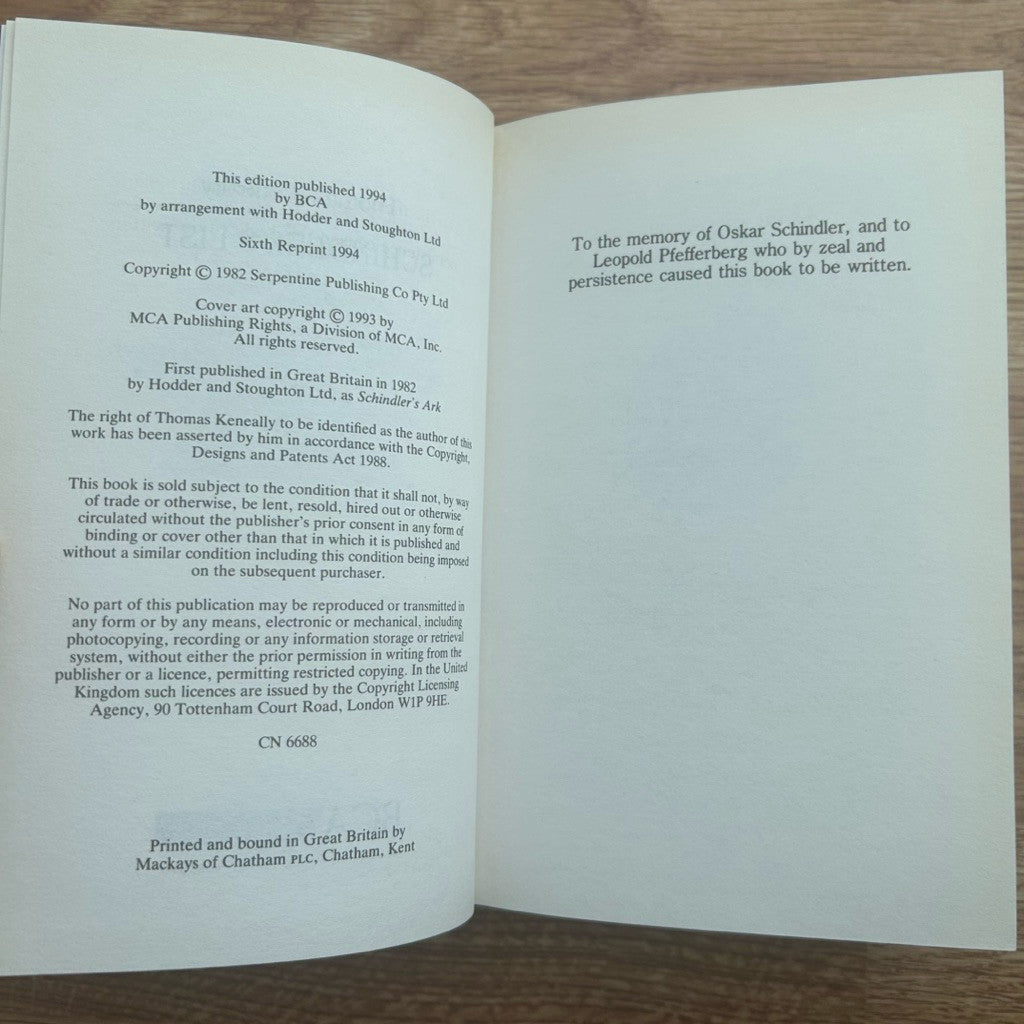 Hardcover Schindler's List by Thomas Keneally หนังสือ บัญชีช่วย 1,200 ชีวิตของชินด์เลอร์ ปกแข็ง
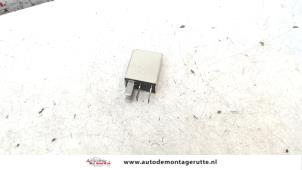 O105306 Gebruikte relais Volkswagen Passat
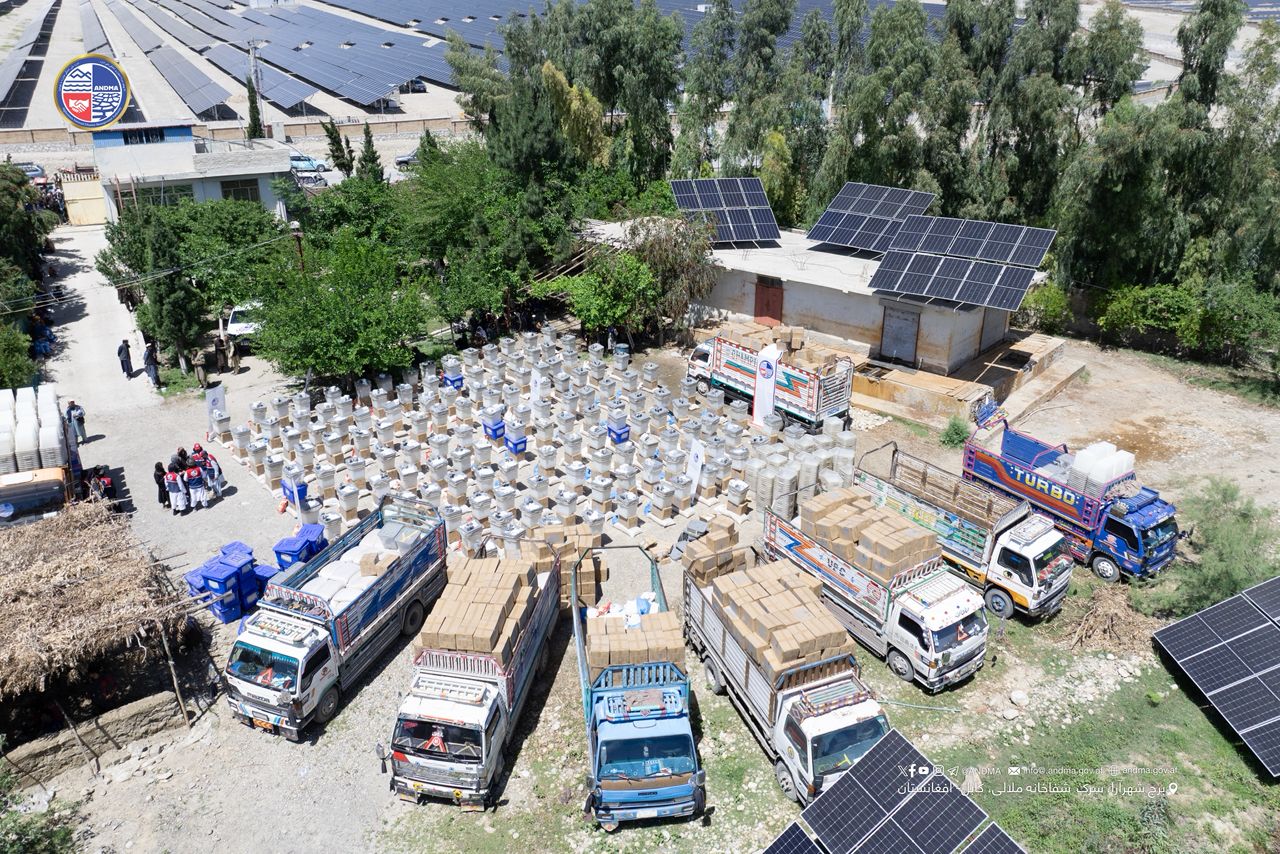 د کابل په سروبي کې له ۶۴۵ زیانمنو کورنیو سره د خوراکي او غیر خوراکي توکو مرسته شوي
+ + + + +
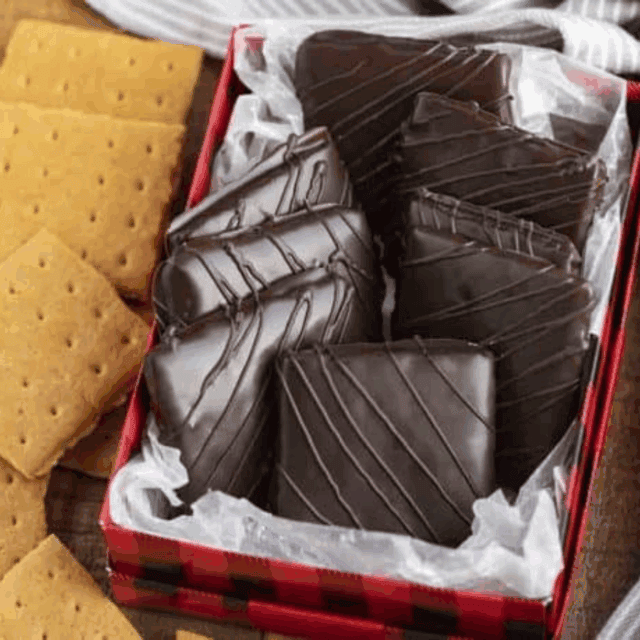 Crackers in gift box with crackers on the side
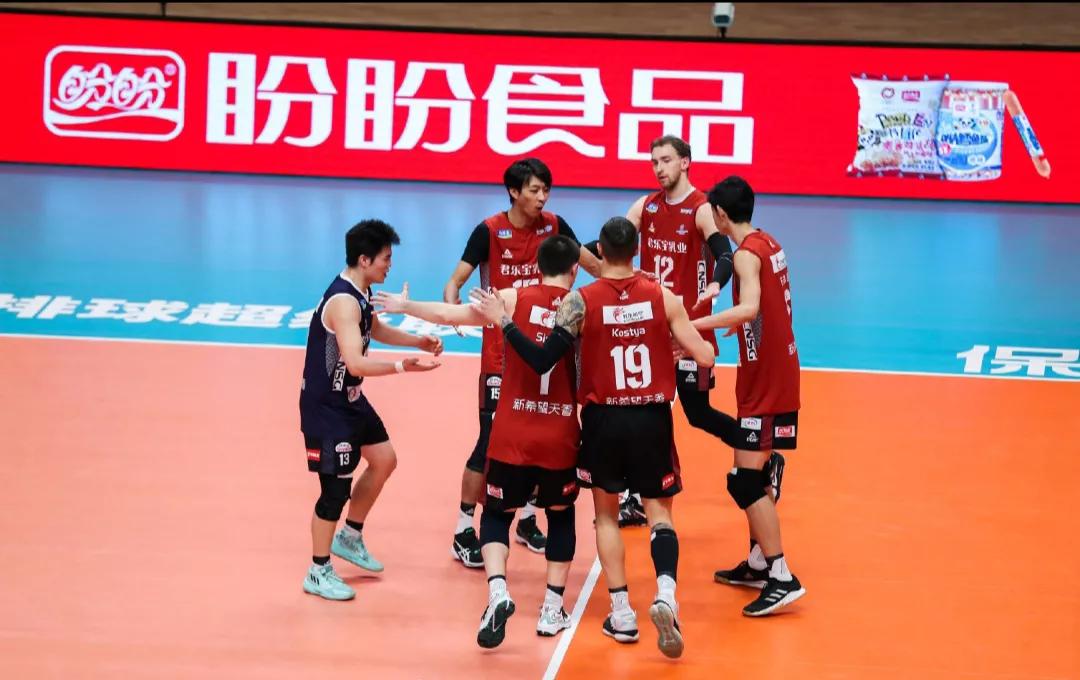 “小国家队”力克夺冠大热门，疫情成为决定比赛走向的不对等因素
+ + + + +
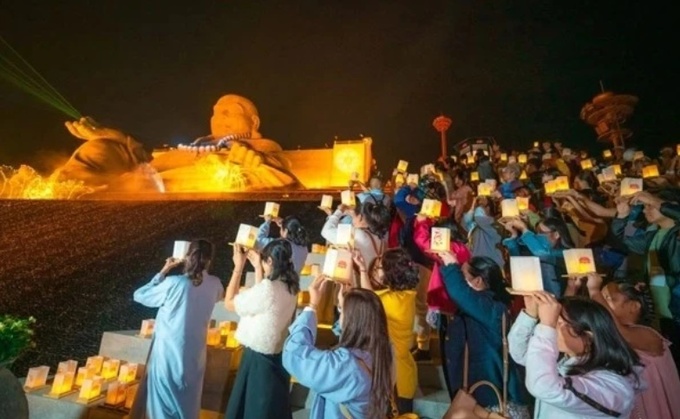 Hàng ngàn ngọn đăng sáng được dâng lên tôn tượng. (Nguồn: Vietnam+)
+ + + + +
▶ [EXERCISE]: Using the records above, return word for word the lines that begin at the one containing "Hardcover Schindler's List" and end at the one containing "د کابل په سروبي", both of them included and no pictures.

▶ [EXERCISE RESPONSE]:
 Hardcover Schindler's List by Thomas Keneally หนังสือ บัญชีช่วย 1,200 ชีวิตของชินด์เลอร์ ปกแข็ง
 O105306 Gebruikte relais Volkswagen Passat
 د کابل په سروبي کې له ۶۴۵ زیانمنو کورنیو سره د خوراکي او غیر خوراکي توکو مرسته شوي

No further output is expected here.